TASK ITEM: When you reach the line that contains "portrait, face focus, detailed", begin copying exactly, and continue through the last line of the data; no pictures belong in the copy.

GIVEN RECORDS:
________________________________________
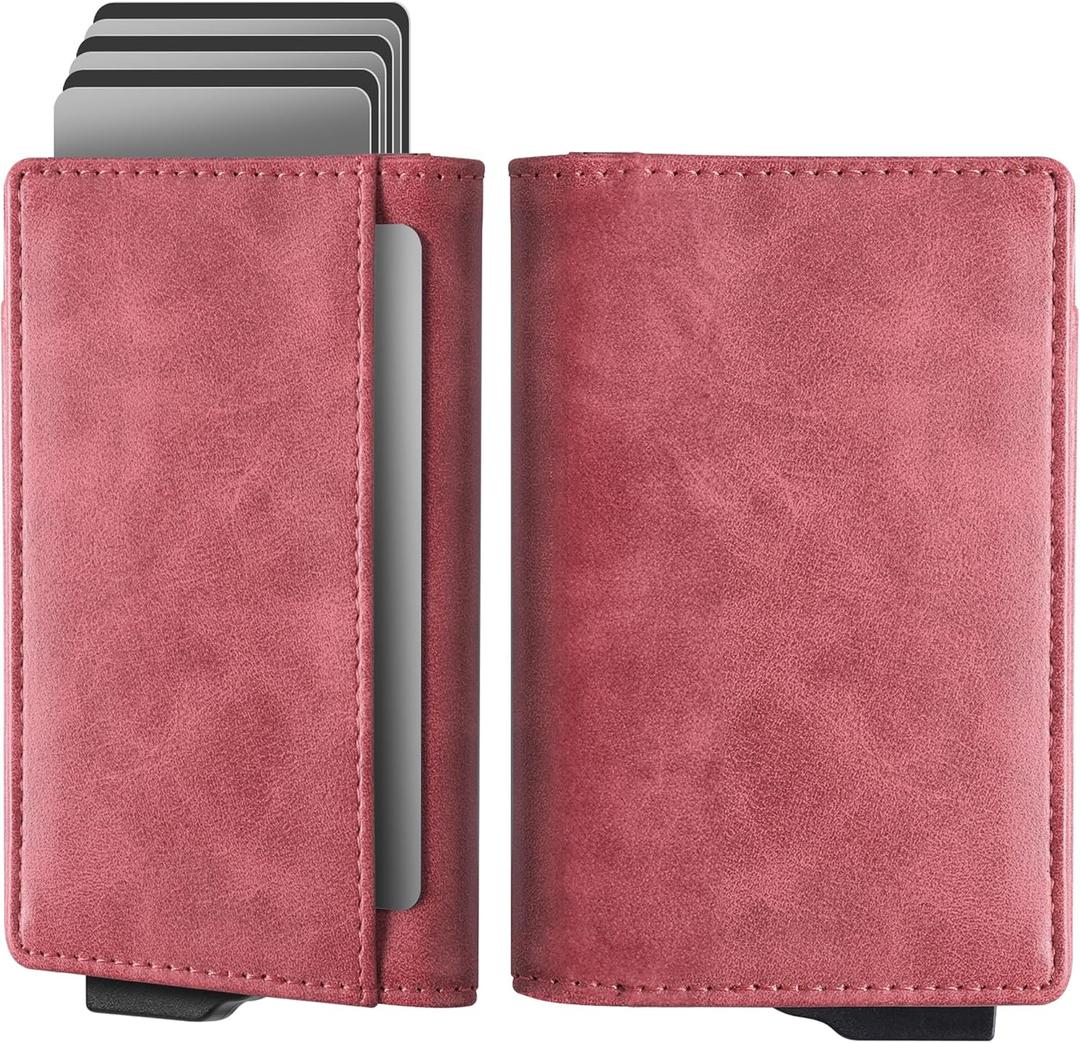 Navaris Pop Up Wallet with Inner Slots - Pop-Up RFID Blocking Card Holder w Cash Pocket - Slide Modern Trigger Wallet - Holds 10 Cards - Metal RFID Smart Wallets for Men (red, design 2)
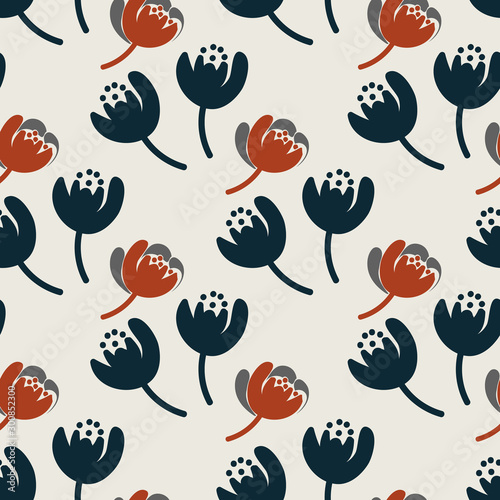 A seamless vector graphic pattern with navy and red tulips on a light background. Surface print design.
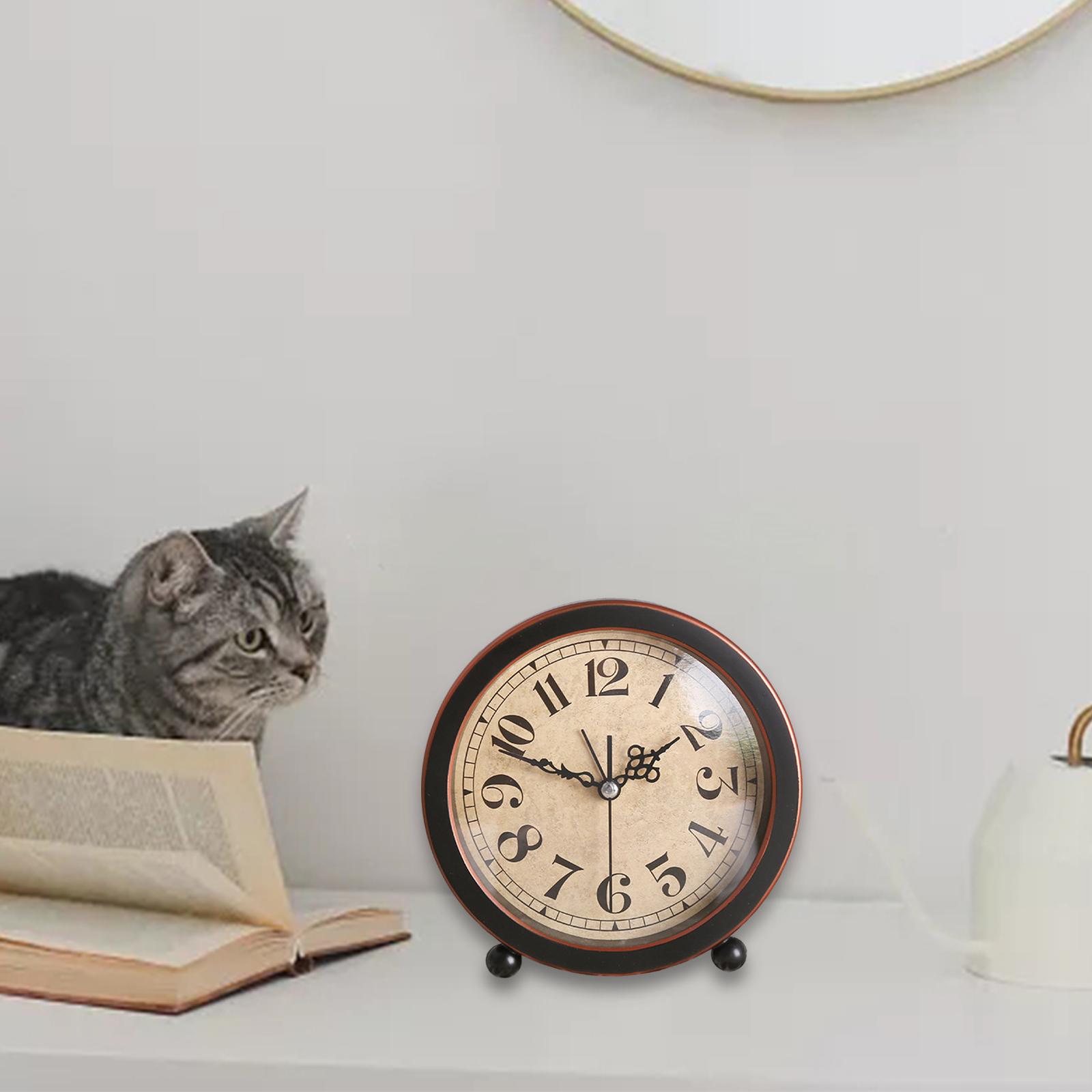 

Бесшумный не тикающий винтажный ретро аналоговый будильник домашний подарок маленькие часы для детской тумбочки столовой кухни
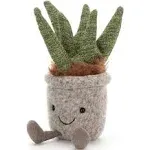 Jellycat London I Am Silly Succulent Aloe 9&#034; Smiling Pot Plant Plush Stuffed Toy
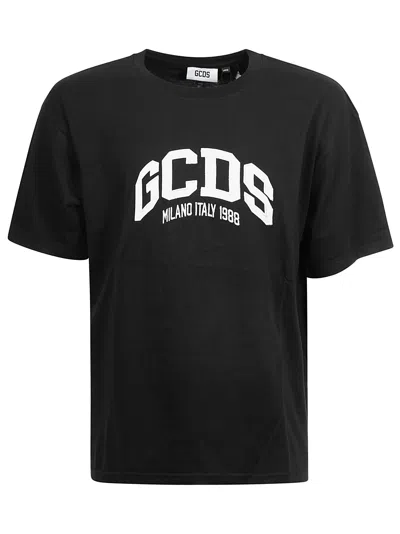 Gcds Lounge Logo Aversize T-shirt In Black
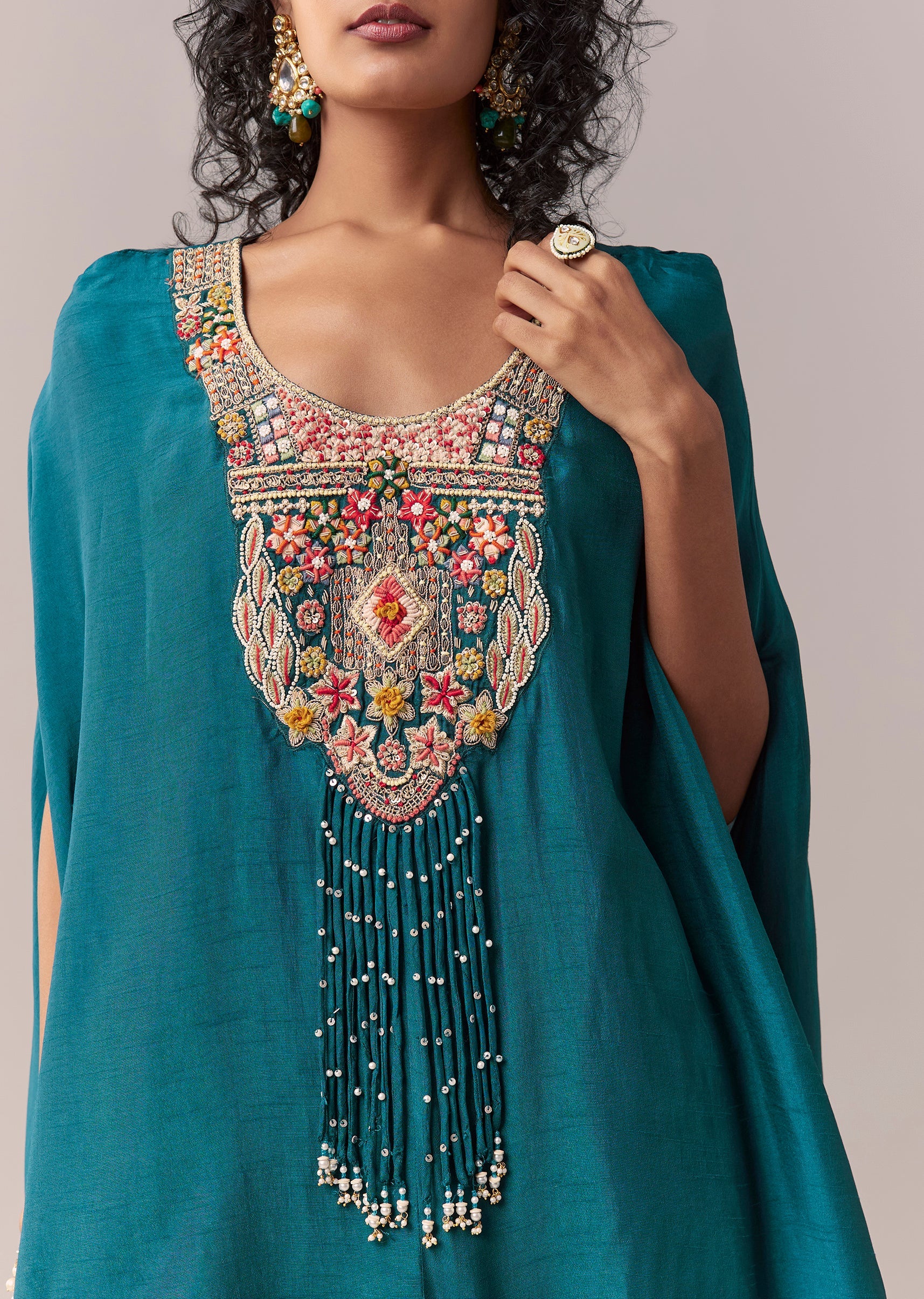 Peacock Blue Silk Cape Co-ord Set - Image 2
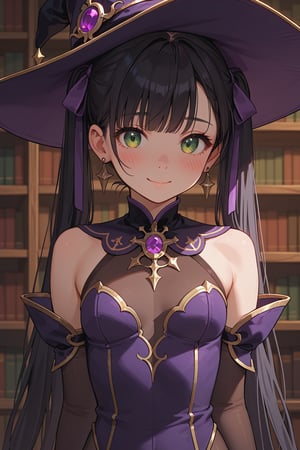 score_9, score_8_up, score_7_up, score_6_up, 
1girl, 25 years old, perfect face, close view, cute, petite, 
green eyes, 
very long hair,  black hair, twintails, hair ribbon, 
earrings, purple witch hat, jewelry, 
blue leotard, purple leotard, bodystocking, pantyhose, elbow gloves, purple gloves, detached sleeves, gold trim, 
blush, shy smile, 
bookshelf,
portrait, face focus, detailed face,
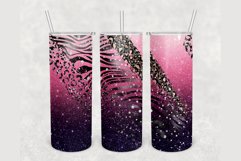 Ombre Animal Print Glitter 20oz sublimation design tumbler Product Image 1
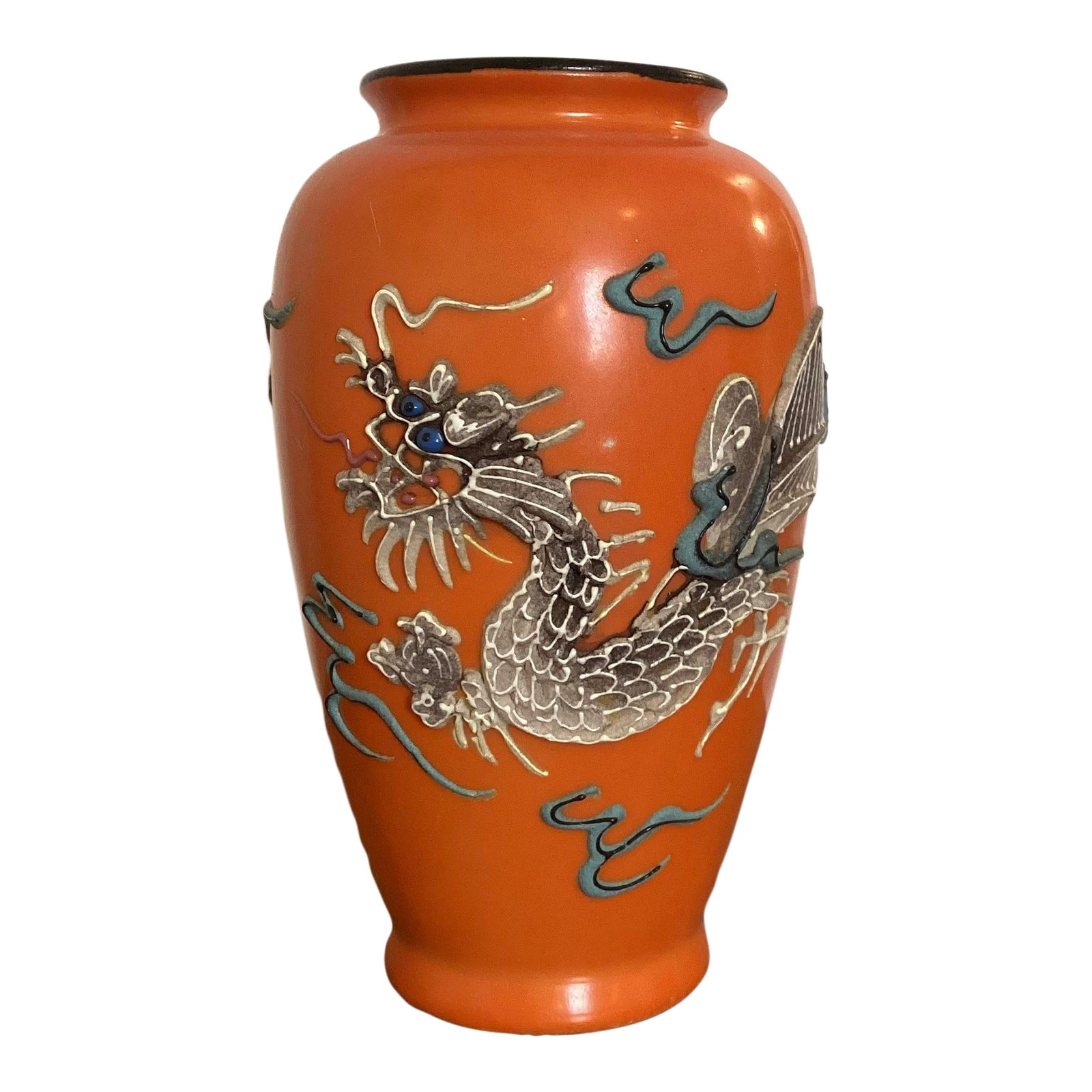 1920s 30s Japanese Porcelain Orange Moriage Dragon Vase Dragonware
________________________________________
WORKED SOLUTION:
portrait, face focus, detailed face,
 Ombre Animal Print Glitter 20oz sublimation design tumbler Product Image 1
 1920s 30s Japanese Porcelain Orange Moriage Dragon Vase Dragonware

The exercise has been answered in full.